Installer, en pleine forêt, des lampes infrarouges et des câbles chauffants enfouis pour accroître la température de l’air et du sol afin d’imiter le réchauffement de la planète vous semble farfelu? C’est pourtant sur un tel site, au Minnesota, qu’une étudiante de l’Université Laval tente d’évaluer la réponse des plantes de sous-bois à une hausse de la température.
Marie-Hélène Jacques
L’expérience, sous la supervision de Peter Reich de l’Université du Minnesota, se nomme B4WARMED, un acronyme qui signifie Boreal Forest Warming at an Ecotone in Danger. J’ai eu la chance de me greffer à ce projet, qui avait pour objectif principal d’évaluer l’effet du réchauffement climatique sur les jeunes arbres, afin d’étudier deux plantes de sous-bois qui les côtoient, le maïanthème du Canada et l’aster à larges feuilles.
Reproduction améliorée
Après avoir passé un été à mesurer ces plantes sous toutes leurs coutures, j’en arrive à deux constats principaux. D’abord, sous l’effet de la chaleur, ces plantes poussent plus tôt au printemps. Ensuite, leur performance au niveau de la reproduction est améliorée. Selon l’espèce, elles produisent de plus gros fruits ou des fleurs plus nombreuses. Et alors?, me direz-vous.
Dans le sous-bois, c’est le manque de lumière qui limite la performance des plantes. C’est encore plus vrai pour les petites plantes, comme celles étudiées, qui vivent au ras du sol dans l’ombre des arbres et des arbustes. Celles-ci ont cependant développé une stratégie: elles poussent très tôt au printemps, avant qu’il y ait des feuilles dans les arbres, afin de profiter de la lumière au maximum. Dans l’expérience B4WARMED, cette stratégie est donc mise en œuvre prématurément.

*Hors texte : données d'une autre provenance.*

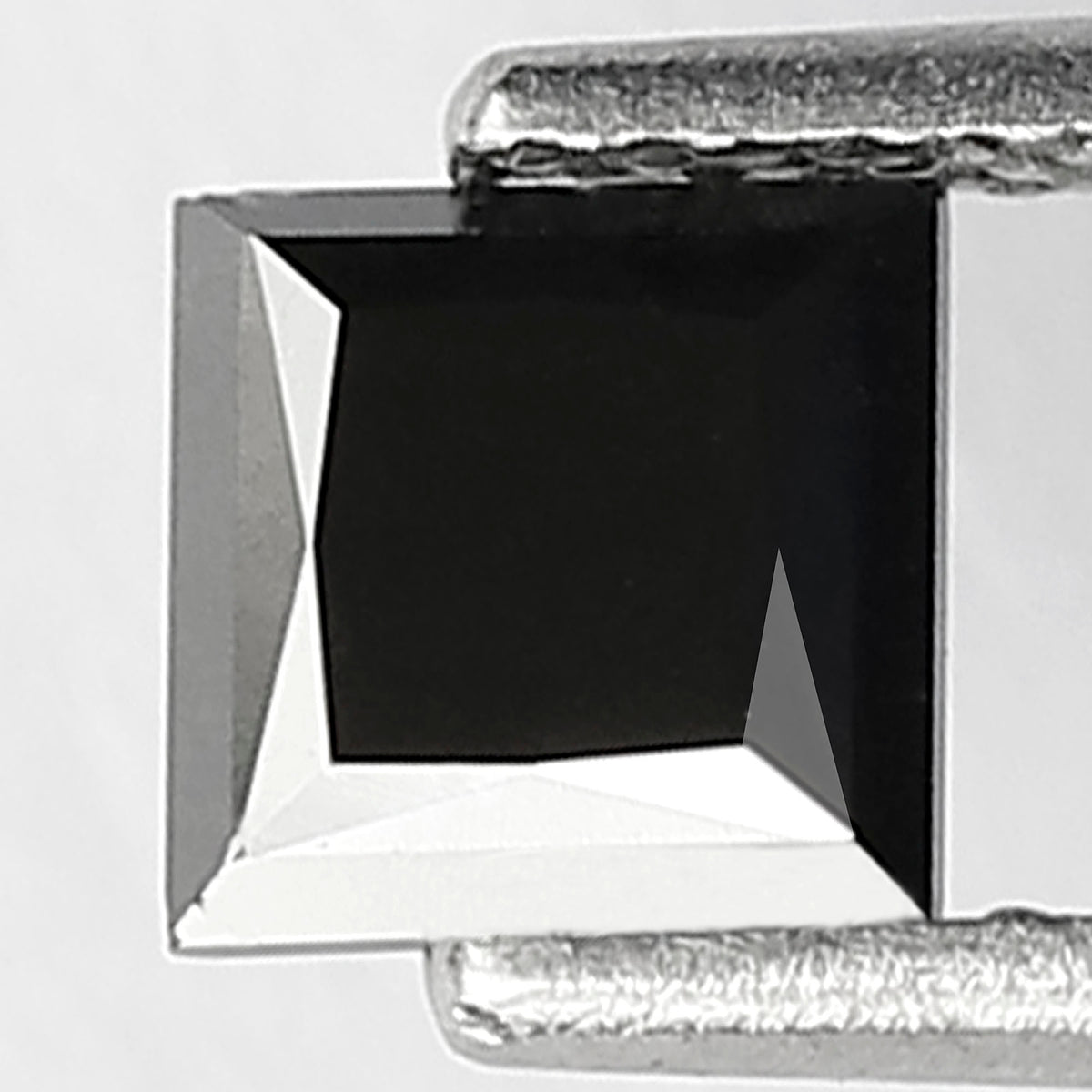Princess Cut Black Diamond, 0.86 Carat, Heated, 5.00mm, Natural Earth-Mined
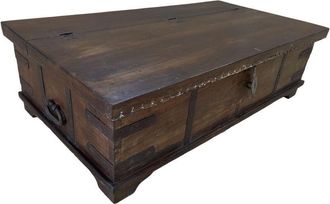 Wanderlust Deco Ba&uacute;l De Madera Artesanal 140x75x41h Cm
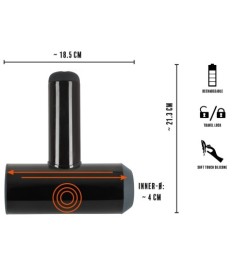 Masturbator „With 2 Functions“ mit Vibration und Handjob-Simulation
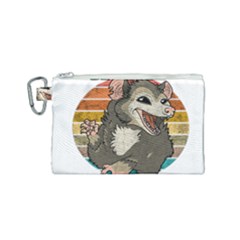 Possum - Be Urself Canvas Cosmetic Bag (small) by Valentinaart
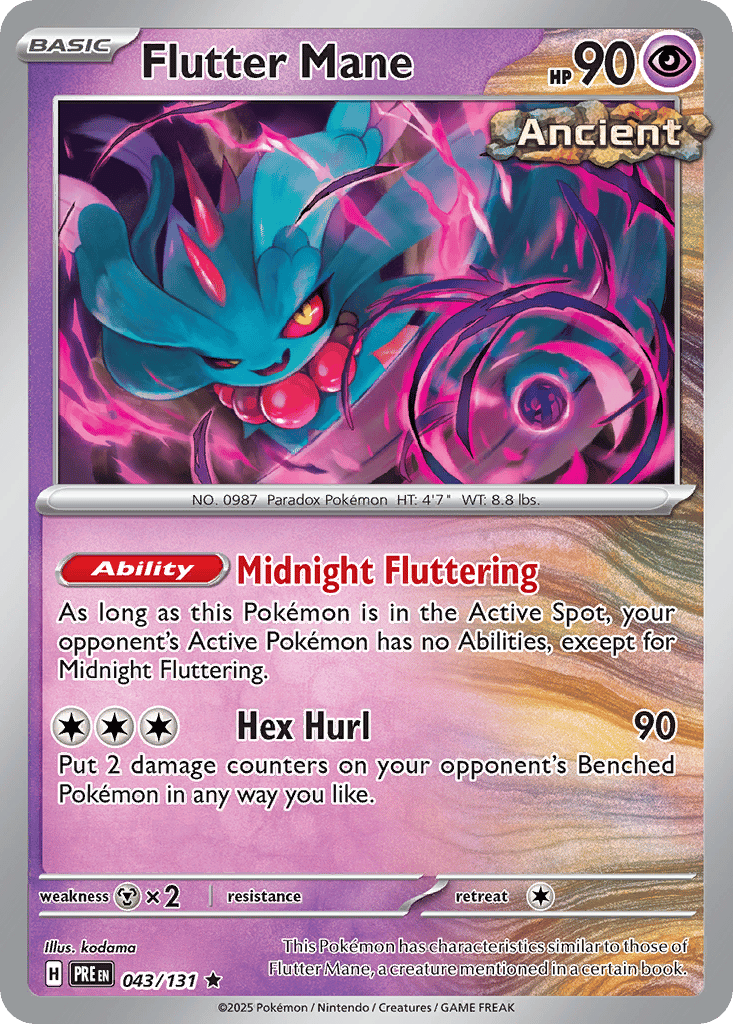 Flutter Mane card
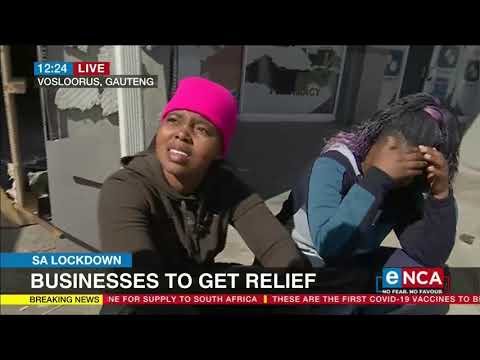 SA Lockdown Business affected by looting to receive relief
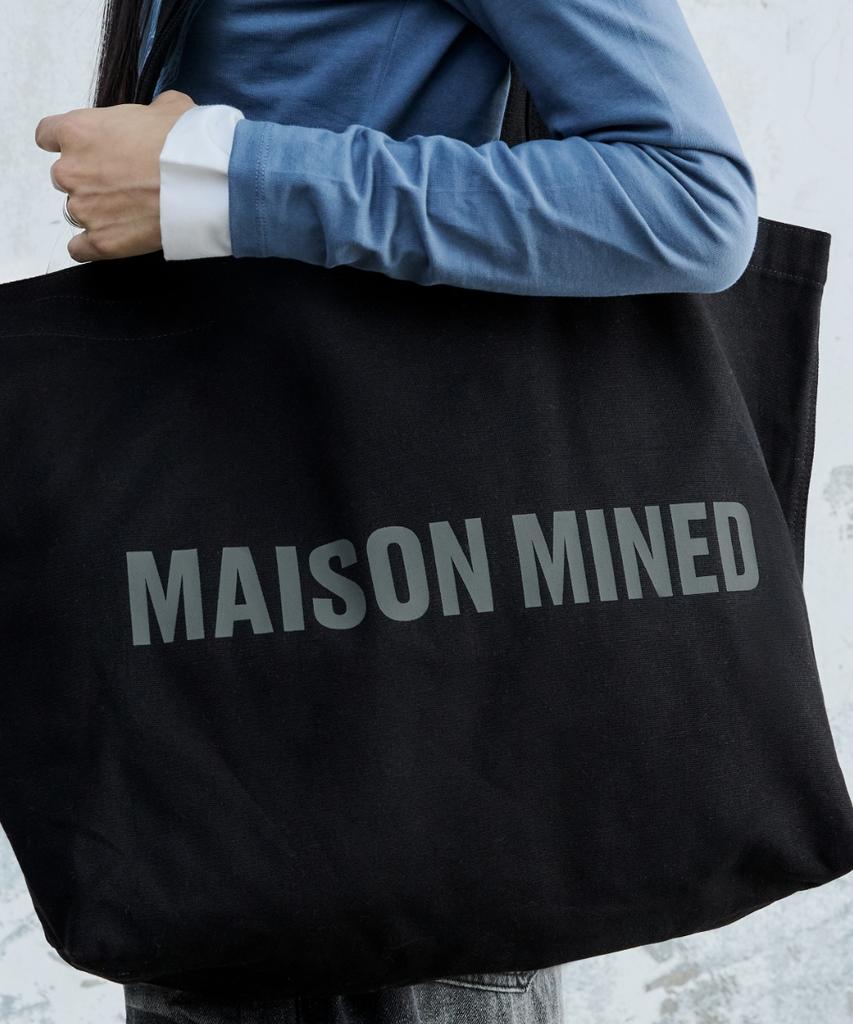 Maison Mined Эко-сумка Maison Черная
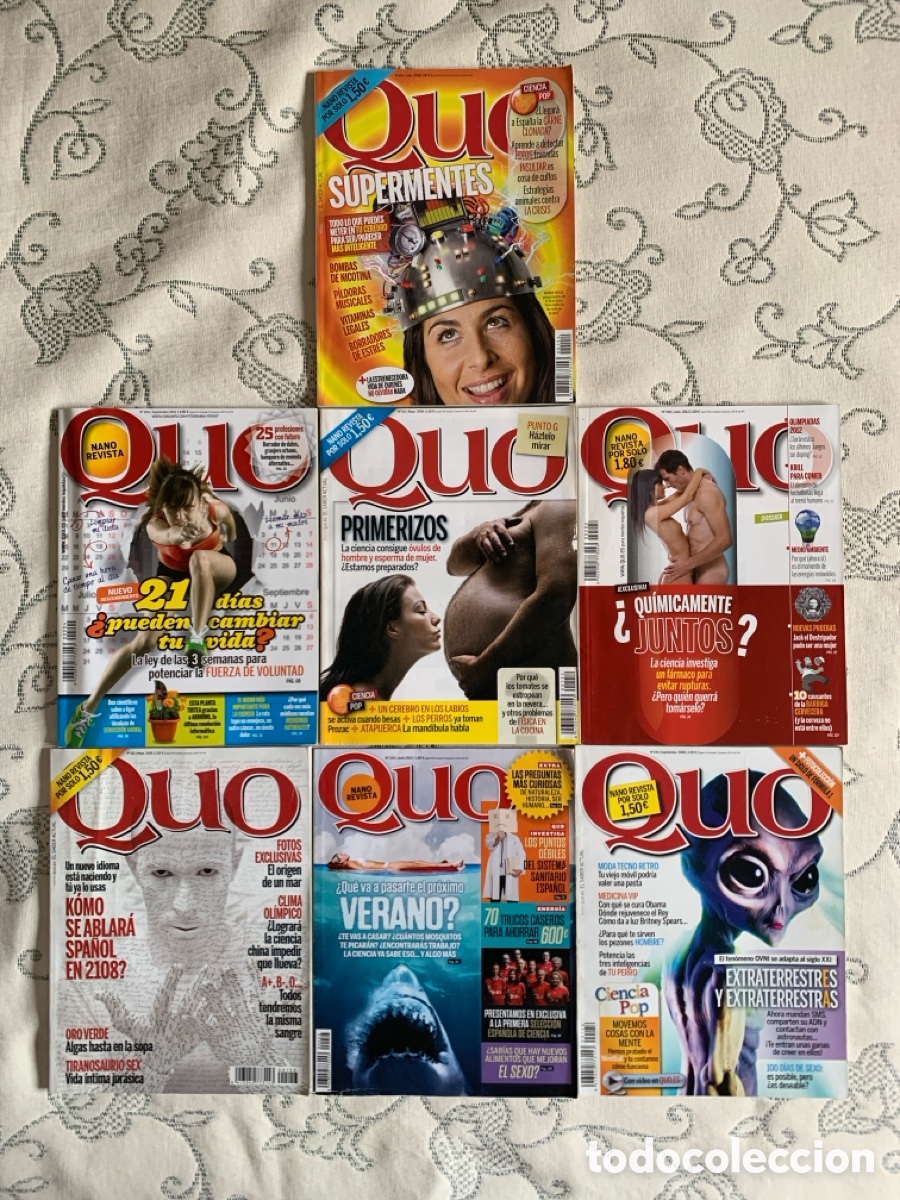 Coleccionismo de revistas y peri&oacute;dicos: QUO &ndash; Ciencia, tecnolog&iacute;a y curiosidades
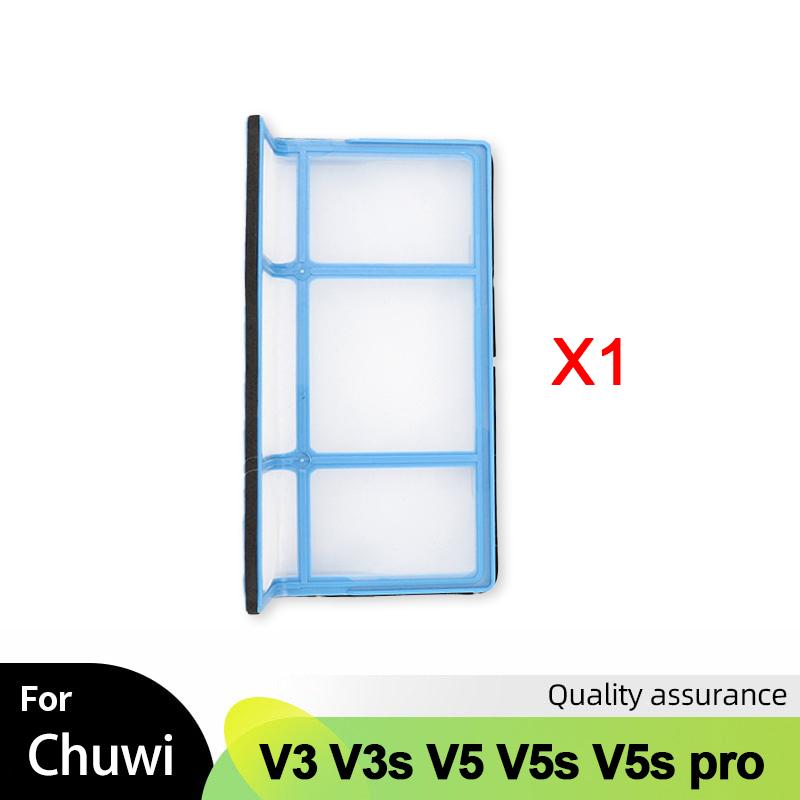 Для iLife Chuwi V3 V3s V5 V5s V5s pro V50 V55 x5 Запчасти для робота-пылесоса Боковая щетка HEPA-фильтр Тряпка для швабры Аксессуары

Par ailleurs, si les plantes étudiées ont pu se reproduire plus efficacement, c’est très probablement parce qu’elles ont pu profiter plus longuement de la lumière printanière. En d’autres mots, pour ces plantes normalement privées de lumière, se reproduire est un luxe qu’elles ont pu se permettre, car elles ont connu un printemps très «payant». Si c’est le cas pour les deux espèces étudiées, ça ne l’est pas nécessairement pour toutes les plantes de sous-bois.
Impact du réchauffement climatique
Mais attention! Dans l’expérience B4WARMED, les arbres matures ne sont pas chauffés, alors que c’est le cas en milieu naturel. Dans un « vrai monde » plus chaud, l’avantage observé dans l’expérience pour les plantes de sous-bois disparaîtrait-il? Pas nécessairement. Les arbres ne répondent pas de la même manière que les plantes de sous-bois à une augmentation de la température. Selon les espèces, ils pourraient tout aussi bien ouvrir leurs bourgeons plus tôt que plus tard encore. Il faut donc retenir que la stratégie printanière des plantes de sous-bois sera altérée d’une manière ou d’une autre par le réchauffement climatique, avec de probables conséquences sur leur reproduction. Or, la reproduction est un point primordial dans la survie des espèces végétales aux changements climatiques.
En effet, les zones climatiques se déplacent sous l’effet de l’augmentation des températures terrestres et les plantes, contrairement aux animaux, n’ont pas de pattes pour suivre ces migrations climatiques. Les plantes de sous-bois dépendent donc entièrement de la quantité, de la qualité et de la capacité à se déplacer des graines qu’elles produisent afin de migrer vers un nouveau milieu qui leur sera favorable.